Creating Preprocessing Pipelines

Preprocessing pipelines define how raw images are transformed and prepared for downstream analysis. The pathml.preprocessing module provides tools to define modular preprocessing pipelines for whole-slide images.

In this section we will walk through how to define a Pipeline object by composing pre-made Transform objects, and how to implement a new custom Transform.

What is a Transform?

The Transform is the building block for creating preprocessing pipelines.

Each Transform applies a specific operation to a Tile which may include modifying an input image, creating or modifying pixel-level metadata (i.e., masks), or creating or modifying image-level metadata (e.g., image quality metrics or an AnnData counts matrix).

schematic diagram of Transform

Schematic diagram of a Transform operating on a tile. In this example, several masks are created (represented by stacked rectangles) as well as several labels (depicted here as cubes).

examples of Transforms

Examples of several types of Transform

What is a Pipeline?

A preprocessing pipeline is a set of independent operations applied sequentially. In PathML, a Pipeline is defined as a sequence of Transform objects. This makes it easy to compose a custom Pipeline by mixing-and-matching:

schematic diagram of modular pipeline composition

Schematic diagram of Pipeline composition from a set of modular components

In the PathML API, this is concise:

from pathml.preprocessing import Pipeline, BoxBlur, TissueDetectionHE

pipeline = Pipeline([
    TissueDetectionHE(mask_name = "tissue", min_region_size=500,
                      threshold=30, outer_contours_only=True)

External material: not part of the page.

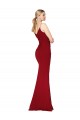 Cheap Spaghetti Straps V-Neck Long Crepe Dress with High Slit Canada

In this example, the preprocessing pipeline will first apply a box blur kernel, and then apply tissue detection.

Creating custom Transforms


For advanced users

In some cases, you may want to implement a custom Transform. For example, you may want to apply a transformation which is not already implemented in PathML. Or, perhaps you want to create a new transformation which combines several others.

To define a new custom Transform, all you need to do is create a class which inherits from Transform and implements an apply() method which takes a Tile as an argument and modifies it in place. You may also implement a functional method F(), although that is not strictly required.

For example, let’s take a look at how BoxBlur is implemented:

class BoxBlur(Transform):
    """Box (average) blur kernel."""
    def __init__(self, kernel_size=5):
        self.kernel_size = kernel_size

    def F(self, image):
        return cv2.boxFilter(image, ksize = (self.kernel_size, self.kernel_size), ddepth = -1)

    def apply(self, tile):
        tile.image = self.F(tile.image)

Once you define your custom Transform, you can plug it in with any of the other Pipeline, etc.